Aiming at practical foreign object detection on transmission lines, YOLOv8 is improved from multiple aspects to jointly boost precision and reduce complexity, including the adoption of EfficientNetV2, Slim-neck, EMA, and MPDIoU-based loss optimization. Firstly, the backbone network is replaced by EfficientNetV2 to achieve higher precision, accelerate model training speed, improve detection performance, and achieve model lightweighting [25]. Secondly, the neck feature fusion network is restructured by introducing Slim-neck to strengthens feature extraction and fusion. Then, the EMA is introduced to enhance the detection performance on multi-scale targets. Furthermore, to ensure higher precision and stability in the bounding box regression task, MPDIoU loss is adopted in place of the original loss function. This loss directly minimizes the Euclidean distances between the corresponding top-left and bottom-right corners of the predicted and ground-truth boxes, and employs a normalized formulation, enabling more comprehensive and efficient optimization of the regression process.
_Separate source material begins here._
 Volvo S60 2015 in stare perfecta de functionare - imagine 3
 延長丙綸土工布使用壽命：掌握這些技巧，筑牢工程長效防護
Figure 1 illustrates the enhanced YOLOv8 architecture.

3.1. EfficientNetV2

EfficientNetV2 is a significant upgrade by Google Brain in 2021 over EfficientNetV1. It introduces training-aware neural architecture search (NAS), Fused-MBConv modules, and employs an improved progressive learning method. The synergistic effect of these three enhancements leads to further performance improvement. EfficientNetV1 employs a uniform scaling rule, equally increasing network depth, parameter count, and input image size. However, research has found that uniformly scaling each stage is not an optimal strategy, as different stages contribute unequally to training speed and parameter efficiency, leading to resource wastage after uniform scaling. In contrast, EfficientNetV2 adopts a non-uniform scaling strategy. In the early training stages, it uses small images and weak regularization to enable the model to quickly learn simple features. Subsequently, it progressively increases the image size while simultaneously strengthening the regularization intensity. In the later stages of network training, more network layers are added, and the maximum input image size is constrained. This approach increases the model’s parameters while avoiding memory consumption and speed degradation caused by excessively large images [26]. Such dynamic adjustments effectively accelerate training speed and reduce precision loss. EfficientNetV2 is illustrated in Figure 2.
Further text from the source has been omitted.